Was gibt es Neues aus Cartago?
Meine Frau ist nach dem Besuch bei Pepe und seiner Schwester aus Teneriffa wieder zurück in Fuenlabrada, das ist im Süden von Madrid. Am Mittwoch hole ich sie mit ihrer Schwester Carmen in Peirera vom Flughafen ab. Avell wird uns von dort nach Cartago fahren. Mit einem japanischen SUV ist das doch bequemer als mit dem Minitaxi.
Donnerstag war ich am Abend noch auf die Schnelle im Supermarkt, da ich dachte, daß Karfreitag geschlossen ist. Von wegen!! Die Supermärkte sind am Karfreitag auf, auch die Müllabfuhr kam planmäßig. Ich kam also am Donnerstag um 7:30 p.m. zurück vom Einkaufen und wunderte mich über die vielen Menschen in unserer Straße. Die sind doch nicht wegen mir hier!?
Richtig! in unsere Straße nahm eine Prozession ihre Aufstellung. Gegen 8 Uhr marschierten sie dann nach der Andacht los. Im Gegensatz zu dem Wallfahrtsort Kevelaer ohne Musikkapelle, aber immerhin. Den Teilnehmern nehme ich ihre Frömmigkeit auch ab.
Für mich steht dazu die Kriminalität im Land in krassem Gegensatz. Selbst Diebstahl (dar papaya) wird verharmlost. Der Dieb ist ein Held, gelingt es ihm doch einen anderen zu beklauen. Daher mißtraut auch jeder jedem in einer solchen Gesellschaft. Eigentlich schade, weil unnötig.
Hier in Colombia ist nur der Sonntag Feiertag, der Montag ist wieder normaler Arbeitstag.
Ich nehme Ostern zum Anlass über einen Besuch bei der Verwandschaft in Dosquebradas vor einigen Monaten zu berichten. Zur Feier von 2 Geburtstagen haben wir uns also mit ca. 10 Personen an der Busstation der cooperativo del Cafe am Sonntagmorgen um 10 Uhr getroffen.
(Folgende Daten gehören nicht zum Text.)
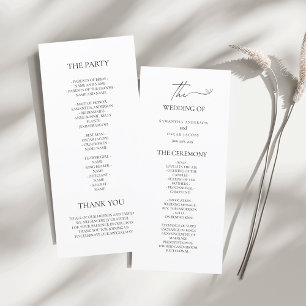 Minimalist Black & White Wedding Ceremony Program 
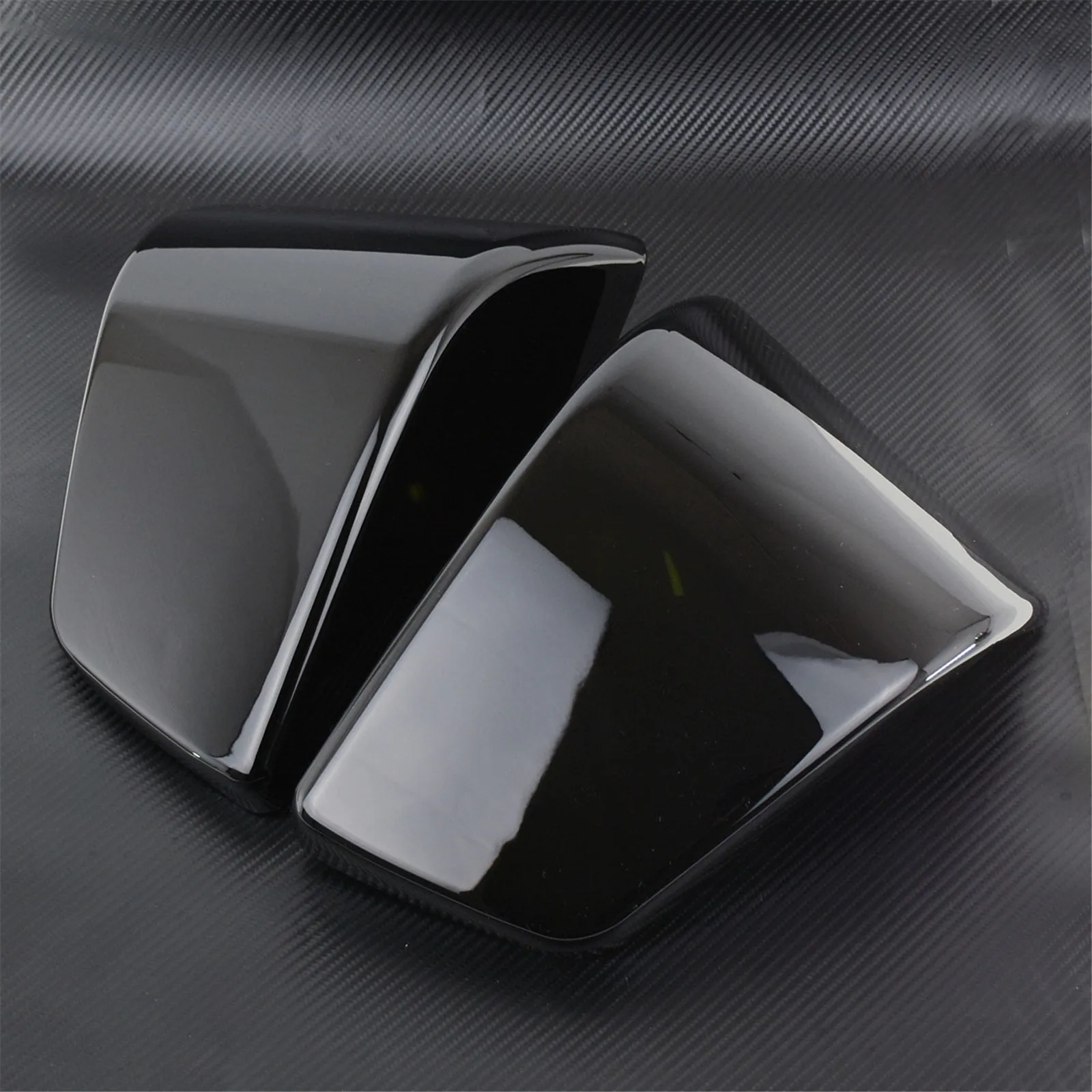 2xMotorcycle Black/Chrome Battery Side Cover Fairing Plastic For Honda Shadow ACE VT750 VT400 1997 1998 1999 2000 2001 2002 2003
Los ging es also mit dem Rumpelbus nach Pereira. Trotz Regen war die Stimmung gut. In Pereira wurden wir abgeholt und es ging weiter nach Dosquebradas. Da Sonntags el viaducto, die Brücke, nur einseitig befahrbar ist, mußten wir den alten Weg nehmen, der in sehr schlechtem Zustand ist. An diesem Weg habe ich hier in Colombia erstmals Elendssiedlungen gesehen, gebaut aus Holz und Plastik, eigentlich Müll. Da wohnen die Menschen nicht, sie müssen dort hausen und sehen, wie sie überleben. Mir fällt da immer sofort unser "Recyclingbeauftragter" ein, der unseren Plastikmüll abholt. Wenn ich ihm mal 2000 COP oder in der semana santa auch mal mehr, macht mich das nicht ärmer.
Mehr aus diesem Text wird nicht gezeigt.